## PROBLEM DETAILS
Strip the pictures, then copy the remaining data exactly as it stands.

## RECORDED INFORMATION

--------------------

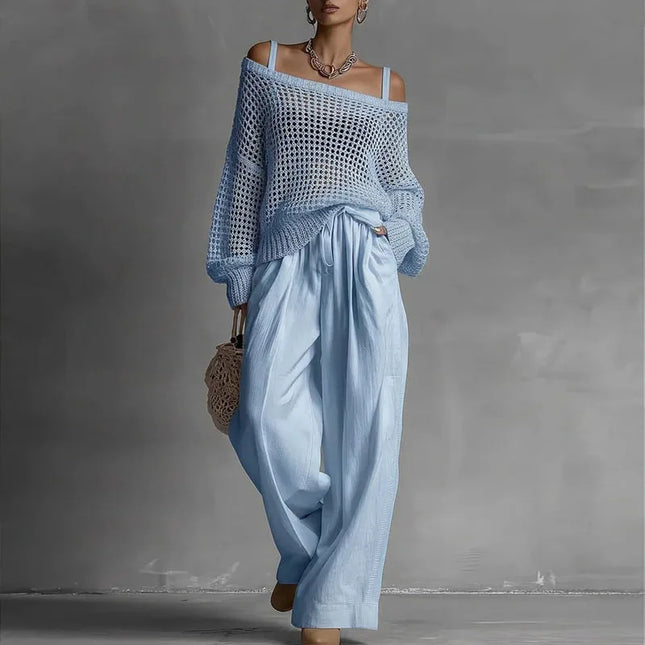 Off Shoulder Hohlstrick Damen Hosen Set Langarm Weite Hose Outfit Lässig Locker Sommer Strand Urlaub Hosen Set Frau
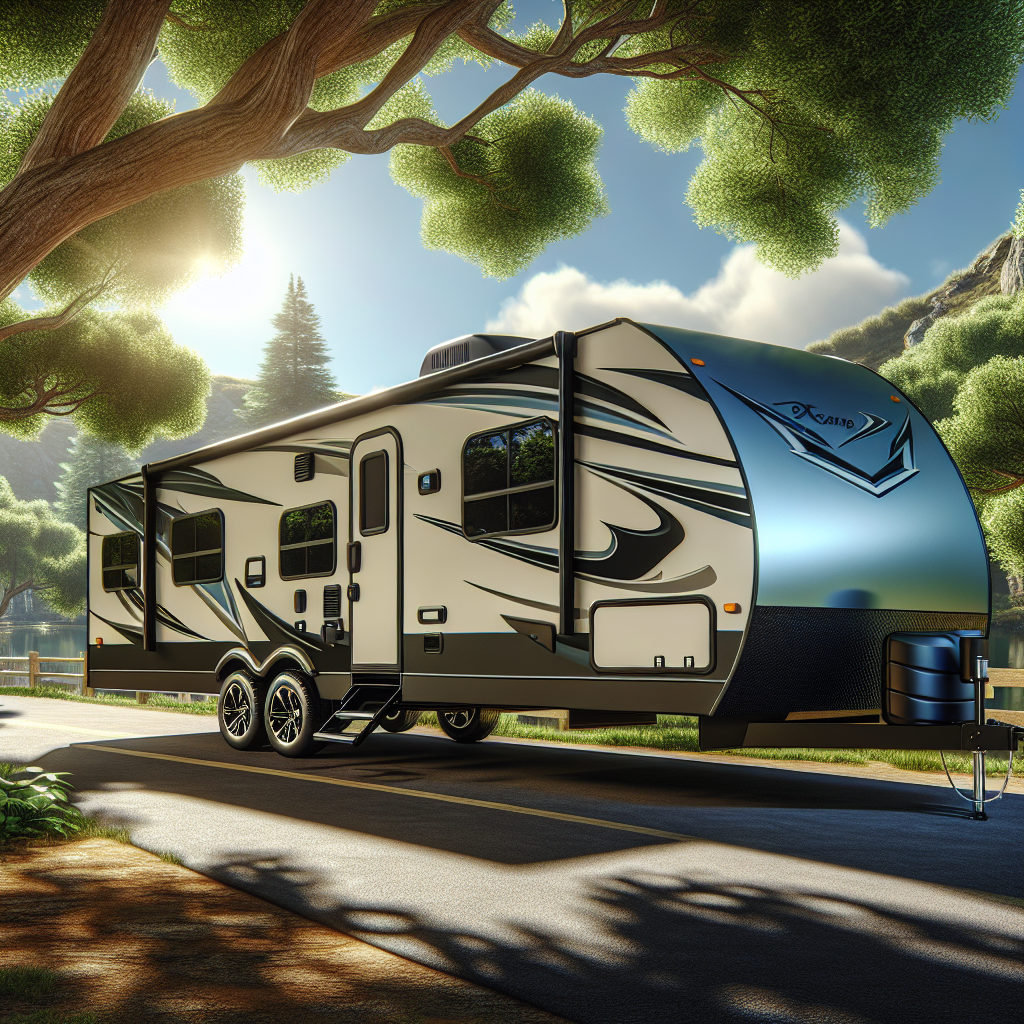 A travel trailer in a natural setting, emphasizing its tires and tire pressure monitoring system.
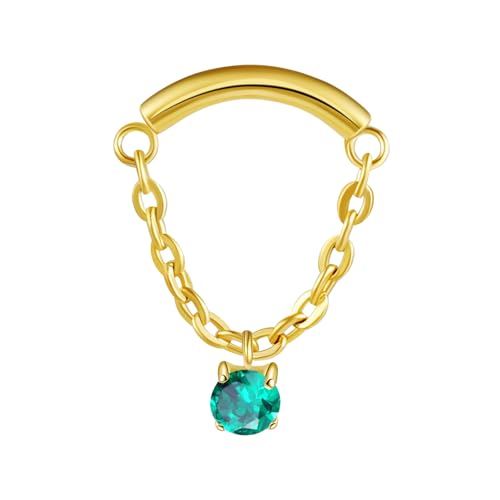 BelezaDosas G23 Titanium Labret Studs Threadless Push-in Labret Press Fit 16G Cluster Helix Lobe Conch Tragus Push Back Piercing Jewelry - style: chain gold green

--------------------

## PROBLEM SOLUTION
 Off Shoulder Hohlstrick Damen Hosen Set Langarm Weite Hose Outfit Lässig Locker Sommer Strand Urlaub Hosen Set Frau
 A travel trailer in a natural setting, emphasizing its tires and tire pressure monitoring system.
 BelezaDosas G23 Titanium Labret Studs Threadless Push-in Labret Press Fit 16G Cluster Helix Lobe Conch Tragus Push Back Piercing Jewelry - style: chain gold green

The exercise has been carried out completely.